**What to do**
Everything from the line containing "Hähnchenschnitzel mit grünen" through the last line of the listing below should be returned exactly, except for pictures.

------------

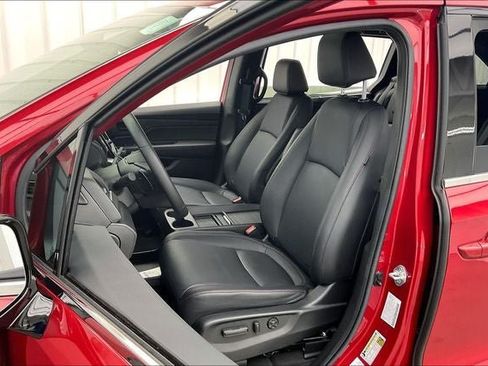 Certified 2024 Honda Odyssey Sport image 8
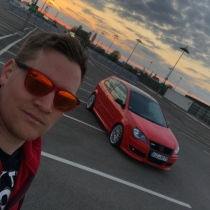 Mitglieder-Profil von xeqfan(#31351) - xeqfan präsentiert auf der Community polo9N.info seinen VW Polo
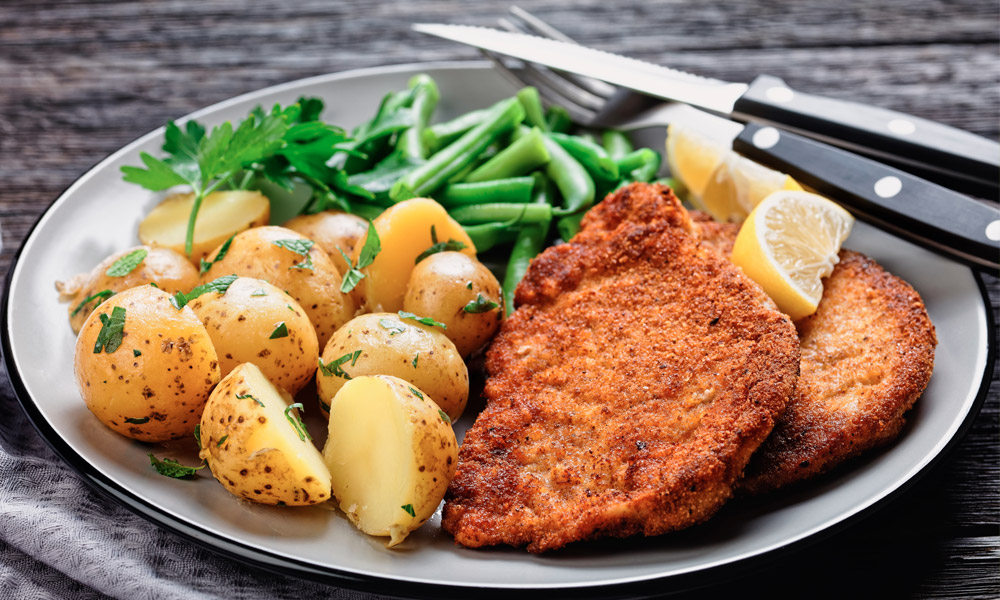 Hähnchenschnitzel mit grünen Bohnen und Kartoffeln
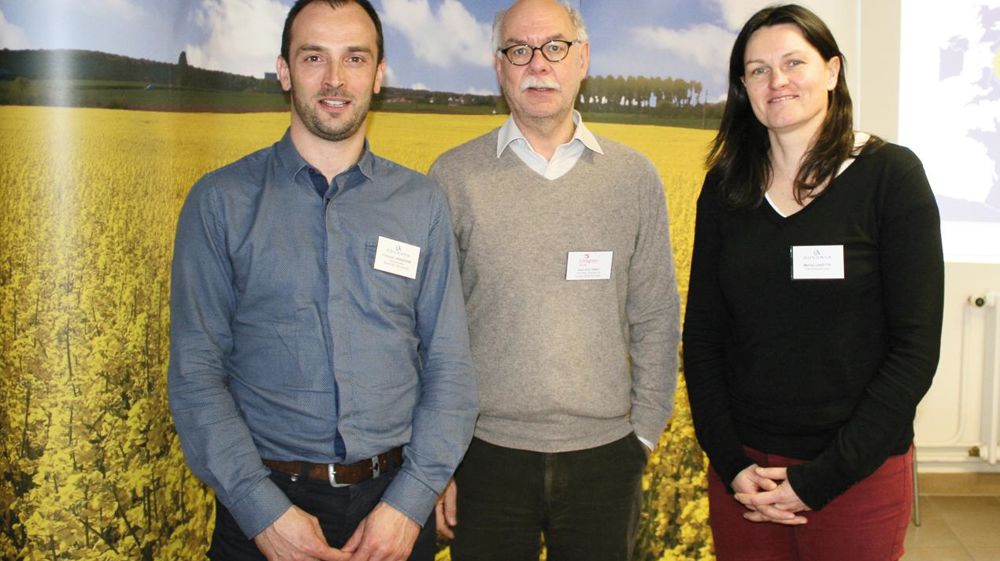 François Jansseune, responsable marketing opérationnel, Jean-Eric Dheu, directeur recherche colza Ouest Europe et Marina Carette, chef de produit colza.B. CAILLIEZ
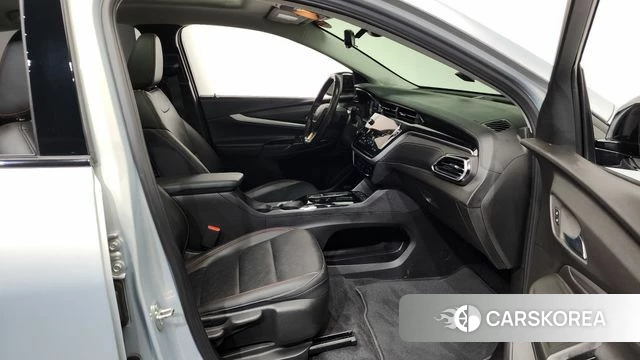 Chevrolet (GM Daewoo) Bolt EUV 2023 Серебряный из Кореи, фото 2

------------

**Written response**
 Hähnchenschnitzel mit grünen Bohnen und Kartoffeln
 François Jansseune, responsable marketing opérationnel, Jean-Eric Dheu, directeur recherche colza Ouest Europe et Marina Carette, chef de produit colza.B. CAILLIEZ
 Chevrolet (GM Daewoo) Bolt EUV 2023 Серебряный из Кореи, фото 2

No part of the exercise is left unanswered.